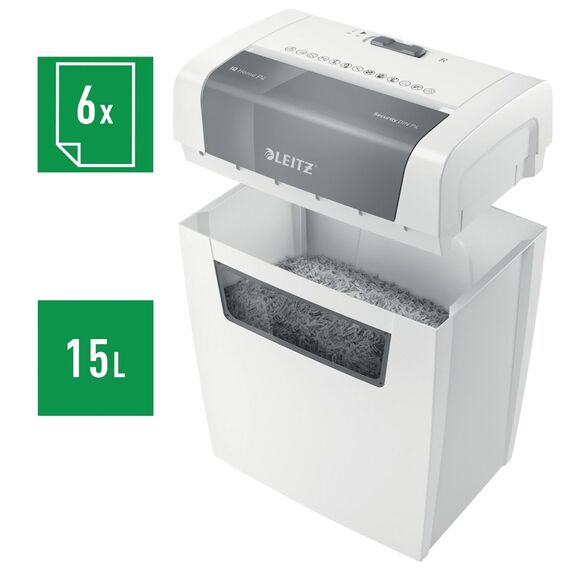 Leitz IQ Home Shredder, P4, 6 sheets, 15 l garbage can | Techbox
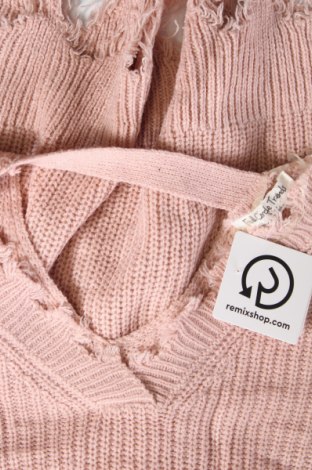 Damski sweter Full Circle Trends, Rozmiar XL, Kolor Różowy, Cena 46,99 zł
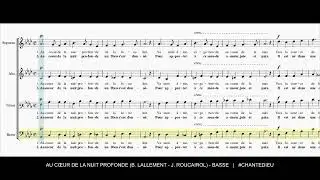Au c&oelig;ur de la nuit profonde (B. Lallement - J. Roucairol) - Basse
——
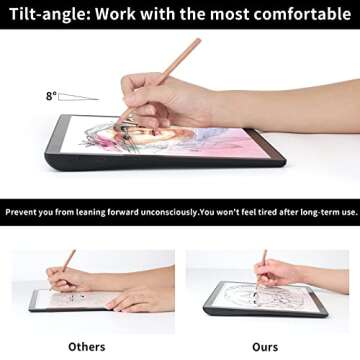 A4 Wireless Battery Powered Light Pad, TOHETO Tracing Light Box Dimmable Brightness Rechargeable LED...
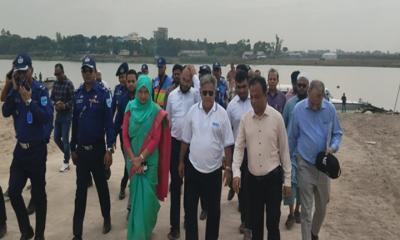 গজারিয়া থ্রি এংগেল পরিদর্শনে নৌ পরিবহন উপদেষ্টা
——
### WHAT TO PRODUCE
The response must repeat exactly the lines above from the one with "Leitz IQ Home" through the one with "Au c&oelig;ur de", including both, and must contain no pictures and no other text.

### FINISHED EXERCISE
 Leitz IQ Home Shredder, P4, 6 sheets, 15 l garbage can | Techbox
 Damski sweter Full Circle Trends, Rozmiar XL, Kolor Różowy, Cena 46,99 zł
Au c&oelig;ur de la nuit profonde (B. Lallement - J. Roucairol) - Basse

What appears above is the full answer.